Starting in Solr 8.8 and continuing into Solr 9.0 there are a number of optimizations to be aware of that provide breakthroughs in performance for important use cases.
Optimized Self Join (https://issues.apache.org/jira/browse/SOLR-15049)
This optimization is a breakthrough in performance for document level access control. It is by far the fastest filter join implementation in the Solr project and is likely the fastest access control join available for search engines.
This optimization requires that the joined documents reside in the same Solr core and that the join key field be the same for both sides of the join. For access control this means the access control records must be in the same core as the main document corpus and the join from access control records to the main documents must use the same field.

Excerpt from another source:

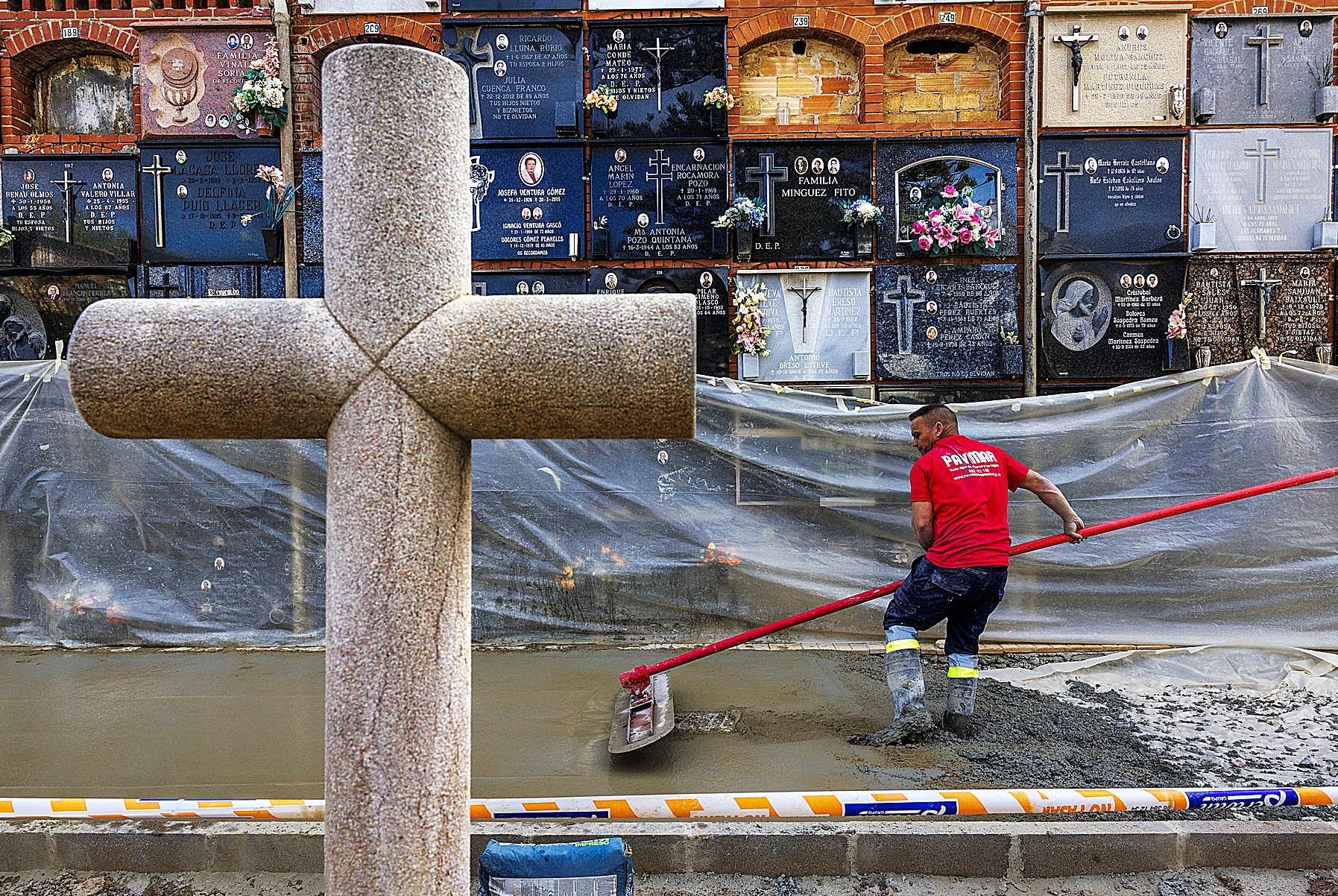 Trabajos de reparaci�n en el cementerio de Alfafar.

The optimization in this scenario is significant. The performance of the join allows it to scale to much larger joins. For example joins that involve upwards of 500,000 join keys can be executed with sub-second performance. In an access control setting this translates to 500,000+ access control groups which can be used to filter the main document set, with sub-second performance. That represents more than a 10x increase in join size over the next fastest Solr filter join which can perform joins with up to 50,000 access control groups and achieve sub-second performance.
A followup blog will discuss the technical details of this optimization and how it can be implemented in a sharded Solr Cloud installation.
Tiered Aggregations (https://issues.apache.org/jira/browse/SOLR-15036)
This optimization is a breakthrough for large scale aggregations. A typical Solr aggregation using JSON facets has one aggregator node. In this scenario aggregations from all the shards are collected in one place and merged. This technique has limits in scalability because eventually the number of threads used to contact the shards and amount of time and memory it takes to perform the merge is prohibitive.
Tiered aggregations eliminates the single aggregator bottleneck by setting up a tier of aggregator nodes. Each aggregator node performs a JSON facet aggregation for a subset of shards. Then a single top level aggregator node merges the aggregations from the tier of aggregator nodes. The partitioning of the middle tier of aggregator nodes happens automatically when aggregating over a Solr Cloud alias which points to multiple collections. In this scenario an aggregator node is assigned to each collection in the alias.
Tiered aggregation allows for real-time aggregations over very large clusters. For example: 200 aggregator nodes each calling 200 shards is a realistic scenario, providing real time aggregations across 40,000 shards.
Improved export sorting performance and efficient high cardinality aggregations (https://issues.apache.org/jira/browse/SOLR-14608)
Both Solr and Elasticsearch have traditionally not been effective high cardinality aggregation engines.
Solr’s export handler has undergone a series of performance improvements culminating with a new technique for sorting that improves the throughput of some export queries by 100%. The improved sorting performance is part of a set of changes designed to support a performant and efficient high cardinality aggregation engine.
High cardinality aggregation often occurs in data warehousing due to multi-dimensional aggregations that result in a high number of dimensional combinations. Traditional search engine approaches to aggregations do not work well in high cardinality use cases.
Traditional faceted aggregation is not well suited for high cardinality aggregation because it tracks the full aggregation in memory at once. When performing high cardinality aggregation it’s often not practical to track all dimensions in memory. Solr's export handler solves this by first sorting the result set on the aggregation dimensions and then rolling up aggregations one group at a time. Using this technique high cardinality aggregations can be accomplished using a small amount of memory.
The export handler also now has the capability of running a Streaming Expression in memory over the sorted result set. This means high cardinality aggregations can be done inside the export handler allowing the export handler to return aggregated results. This can greatly reduce the amount of data that needs to be sent across the network to aggregate over the sorted/exported results.
Spark-Solr aggregations will also benefit from the improved performance of the export handler because Spark-Solr uses the export handler to return results for aggregations.
Improved collapse performance/efficiency, block collapse (https://issues.apache.org/jira/browse/SOLR-15079)
Solr’s collapse feature is often used for larger e-commerce catalogs with a high number of products that don’t perform well with Lucene/Solr grouping. Solr’s collapse can now take advantage of block indexing/nested documents to significantly improve query performance, cutting search times in half in some scenarios, while decreasing the memory used by collapse by 99%. In order to take advantage of this feature catalogs will need to be indexed such that all SKU’s that share the same product ID are indexed in the same block.
The improved performance and efficiency will allow for more scalability (higher QPS with less hardware) and provide faster response times for ecommerce search applications. The improved performance also leaves more time to improve relevance with advanced ranking algorithms.